Getting back to the Super Bowl party again for a moment … dang, there were a lot of kids in attendance. Clutch has three daughters (one of whom is a teenager who invited a couple of her friends over as well), Slick has two daughters, another buddy has one daughter and yet another has two sons, so that’s like ten children right there before you add in my two little ones. The other two boys came late and left early, so for certain chunks of the night the little guy was the only male under the age of 35 in the house. Fortunately, he didn’t mind being outnumbered, especially since Clutch’s middle daughter had been tasked with, and was doing a stellar job at, keeping the younger kids amused and out of trouble. (Sometimes it is very nice to be on the trailing edge of the curve as far as timing of kids compared to our friends; we have pre-schoolers, and they have free babysitters.)

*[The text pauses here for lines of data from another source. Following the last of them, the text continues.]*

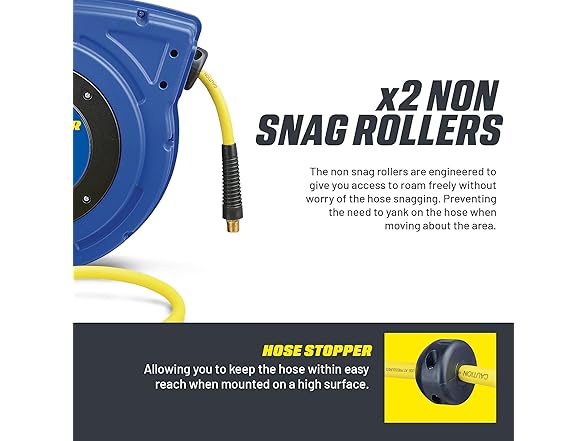 Goodyear Air Hose Reel Retractable 3/8" x 50'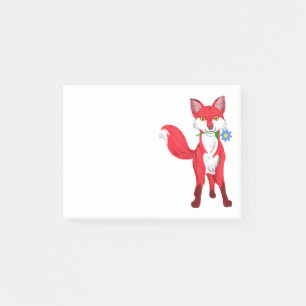 Bloco Post-it Raposa Feliz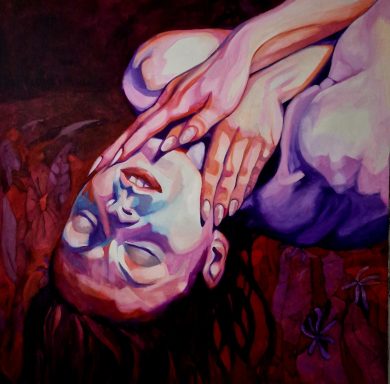 ecstasy 80 x 80 cm Acrylic on panel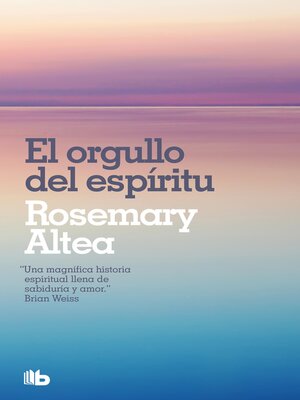cover image of El orgullo del espíritu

But nevertheless, when I came up from the basement to change my little girl’s diaper, the little guy was happy and excited to see me, and that was a sweet feeling. I do try to enjoy these fleeting moments wherein my children actively want to be around me. I know the overwhelming urges for cut-loose independence are generally associated with adolescence, which means I should still have years to revel in the adoration of my own progeny, but then again my progeny have often been on accelerated schedules as far as cognitive development goes, so for all I know the little guy will have perfected the disaffected aloofness of a teenager right around his seventh birthday.

In any case, even though all I was doing was changing a diaper (and a doozy of one, at that) the little guy wanted nothing more than to be within arm’s reach of me for a few minutes, and of course I was not going to deny him that. In fact I took advantage of his relative pliability under the circumstances to go ahead and zip him into his pajamas, which were in his sister’s diaper bag, as soon as I finished changing her. The plan all along had been to get the kids ready for bed at Clutch’s house, since we’d be staying past their bedtimes, and let them fall asleep in the car on the way home. And the plan worked, for which I was entirely grateful.

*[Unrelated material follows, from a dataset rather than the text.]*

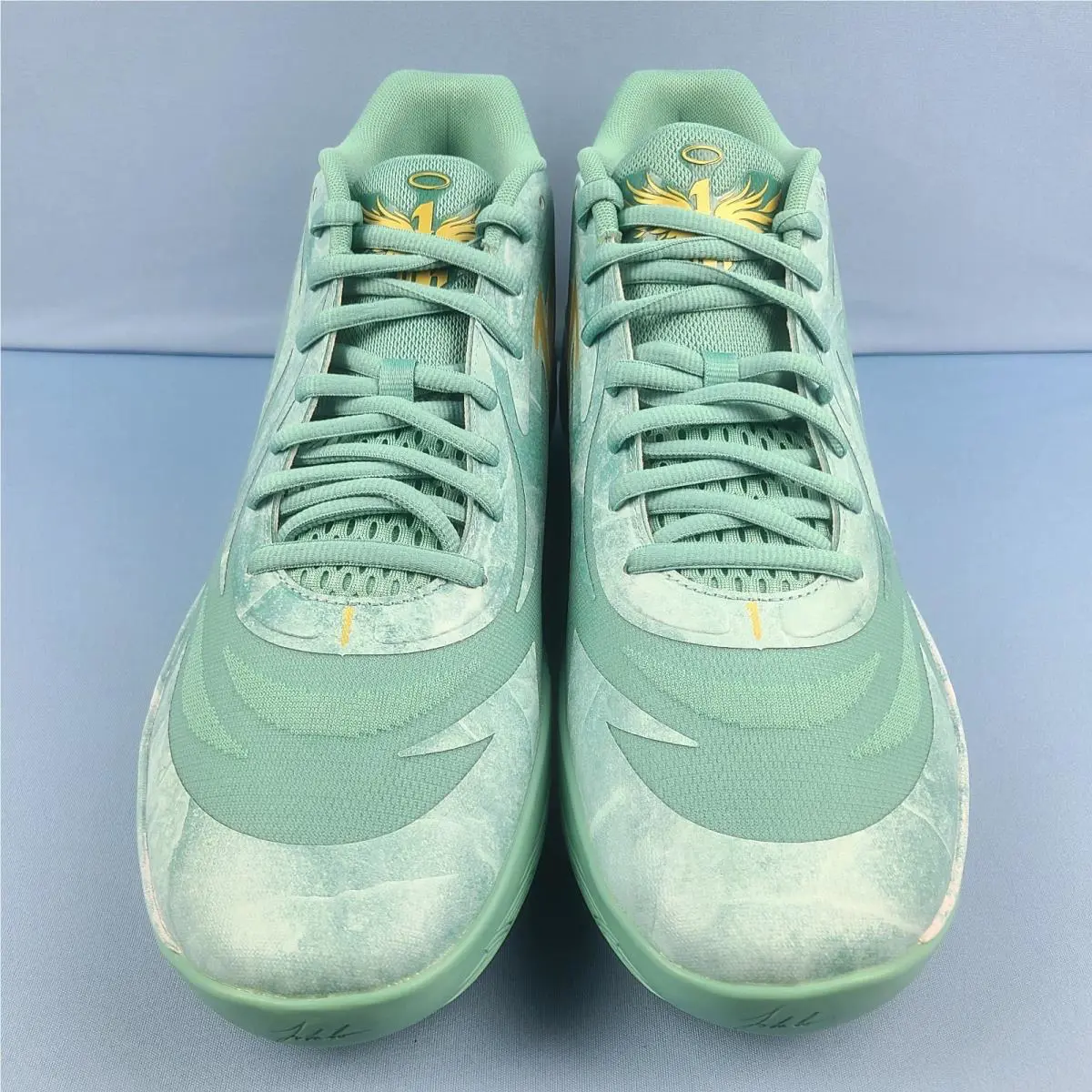 Puma shoes - Puma LaMelo Ball MB.02 378284-01 - 378284-01 - Jade/Gold (UPC: 195552981201) 3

The only tiny glitch came in the form of the Super Bowl itself, which was playing inches away from the three of us as day clothes were being exchanged for footed sleepwear. Not so much the game as the commercials (which rightly or wrongly are intrinsic to the Super Bowl experience), which is a subject I have touched on before. What happened was, while I was getting the little girl ready to eventually end up in her crib, a commercial started playing with a close up of a jet airliner in flight. The little guy lit right up as he yelled “Airplane!” and stepped even closer to the tv screen. He still loves vehicles and machines of all kinds, and the jet did in fact look very powerful and cool. Cut to the interior of the plane, with a horrible gaping hole in the fuselage and people scrambling and struggling not to get sucked out into the slipstream. And then people flying out the hole and tumbling to certain death? My stomach sank and it was all I could do to hope against improbable hope that somehow the commercial would reverse the awfulness of its first few seconds …

… and then OH THANK YOU JEEBUS IT’S A TRAILER FOR IRON MAN 3.

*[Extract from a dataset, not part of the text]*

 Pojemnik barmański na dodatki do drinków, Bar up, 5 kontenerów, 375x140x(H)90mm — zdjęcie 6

And I wasted absolutely no time pointing this out to the little guy: “Look! It’s Iron Man! He’s coming to save all the people!” Granted, Iron Man only has enough time to save two or three of the plummeting innocents before the tv spot runs out of time, but at least the idea of order had been restored. And it was the little guy who expressed to me what the takeaway should be: “Yeah, Iron Man can save anybody!” I was thankful that the little guy happens to be very familiar with who Iron Man is, because I bought him some Iron Man toys at a ridiculously young age (his first Christmas, when he was not yet four months old) more for my wife’s amusement than his, because she and I had gone to see Iron Man in the theater when she was pregnant with the little guy and the Dolby surround-sound explosions and whatnot had elicited quite the kicky response from our in utero viewing companion. So the constant presence of the character, not to mention his status as part man and part machine, has bred a certain affection in the little guy’s heart, and he knows Iron Man is one of the good guys and there’s nothing terribly scary about an Iron Man commercial. So, once again, trauma (barely) averted! One of these days (years and years hence) he and I are going to sit down and watch the original movie. By then, he’ll probably think that its 2008 special effects are quaint.